Per evitare tale sorte, Francesco Forte, Flavio Felice e Clemente Forte hanno dato alle stampe una corposa antologia che chiarisce i confini, le radici e le finalità dell’economia sociale di mercato. Infatti, parafrasando il titolo del famoso testo di Karl Popper, L’Economia sociale di mercato e i suoi nemici (a cura di F. Forte, F. Felice, C. Forte, Rubbettino 2012, pp. 468) raccoglie ben tredici interventi, distinti in due sezioni, entrambe accompagnate da accurate introduzioni e da un’unica postfazione finale.

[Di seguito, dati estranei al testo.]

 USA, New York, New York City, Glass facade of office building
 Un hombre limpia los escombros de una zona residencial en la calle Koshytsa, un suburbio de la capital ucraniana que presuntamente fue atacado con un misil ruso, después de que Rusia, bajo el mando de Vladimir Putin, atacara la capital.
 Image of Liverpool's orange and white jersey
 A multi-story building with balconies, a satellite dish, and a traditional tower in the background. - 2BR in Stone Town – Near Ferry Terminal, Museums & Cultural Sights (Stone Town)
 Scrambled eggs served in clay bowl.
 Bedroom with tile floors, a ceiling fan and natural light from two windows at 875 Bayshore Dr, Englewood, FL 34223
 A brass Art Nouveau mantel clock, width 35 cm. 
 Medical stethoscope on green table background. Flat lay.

I saggi rappresentano i pilastri cardine della ricerca teorica sul tema, finalmente fruibili in versione italiana. In particolare, gli interventi di Alfred Müller-Armack (1901-1978), considerato il padre teorico dell’Economia sociale di mercato (formula messa in pratica, se così si può dire, in particolare da Ludwig Erhard, Ministro dell’Economia della Repubblica federale tedesca dal 1949 al 1963 e cancelliere dal 1963 al 1969, negli anni del cosiddetto «miracolo tedesco»), descrivono bene cosa intendere per economia sociale di mercato, le implicazioni che comporta per l’ordinamento istituzionale, le sue priorità per favorire uno sviluppo armonioso. Ma, soprattutto, indicano i “nemici” dai quali stare alla larga perché pronti a minare questo particolare “stile economico” che sicuramente dovrà adattarsi ai mutamenti delle condizioni sociali, ma che non deve abbandonare il suo principio fondamentale, “la coesistenza del principio di concorrenza con le necessarie compensazioni sociali”.
Attingere da questa antologia, è utile sia per chi voglia cimentarsi con una riflessione teorica, sia per chi senta il desiderio di impegnarsi nella produzione di politiche indirizzate a risolvere la contingenza (e, casomai, disegnare strategie future). Come ricorda Reiner Klump nell’aprire il suo saggio contenuto nell’antologia, l’economia sociale di mercato indica oggi molte cose: un concetto di politica economica, un’idea di ordinamento, uno stile di pensiero, un modello di politica economica e sociale, persino uno slogan politico. E di fronte alla molteplicità di significati, Klump sottolinea che «occorre tentare una determinazione più precisa dell’economia sociale di mercato a partire dai suoi fondamenti spirituali e dalle sue radici storiche». È proprio ciò che si prefigge L’Economia sociale di mercato e i suoi nemici, un obiettivo necessario per evitare che un “programma” così indispensabile per il nostro quotidiano venga ricordato solo come un capitolo di un dibattito infruttuoso.